Study proves EVs produce least greenhouse gas emissions over lifetime

A new study has found out that battery electric vehicles have by far the lowest life-cycle greenhouse gas emissions (GHG).

The analysis conducted by the International Council on Clean Transportation has analysed the European Union, the United States, China, and India, and captured the differences among those markets, which together account for about 70% of new car sales worldwide.

Only battery electric vehicles and fuel cell electric vehicles powered by renewable electricity can achieve the kind of deep reductions in emissions from transportation that conform with the Paris Agreement’s goal of keeping global warming well below 2 °C.

There is no realistic pathway to that goal that relies on combustion-engine vehicles, including hybrids of any sort, according to ICCT researcher and the study's author Georg Bieker.

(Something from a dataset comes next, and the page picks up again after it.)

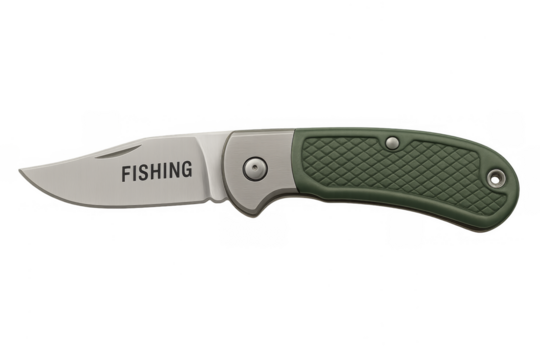 Green folding pocket knife for fishing activity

“Our aim with this study was to capture the elements that policymakers in these major markets need to fairly and critically evaluate different technology pathways for passenger cars,” he said. “We know we need transformational change to avoid the worst impacts of climate change, and the results show that certain technologies are going to be capable of delivering deep decarbonization and others are clearly not.”

The study methodology considers lifetime average carbon intensity of fuel and electricity mixes, and accounts for changes in the carbon intensity over vehicle lifetime given present energy policies. It also looks at real-world usage rather than relying on official test values to estimate fuel and electricity consumption; this is especially important in assessing emissions of plug-in hybrid electric vehicles.

Results show that emissions over the lifetime of average medium-size BEVs registered today are already lower than comparable gasoline cars by 66%–69% in Europe, 60%–68% in the United States, 37%–45% in China, and 19%–34% in India.

Peter Mock, ICCT’s managing director for Europe has pointed to the importance of the findings to the European Union’s recently proposed changes to its passenger car CO2 emission regulation.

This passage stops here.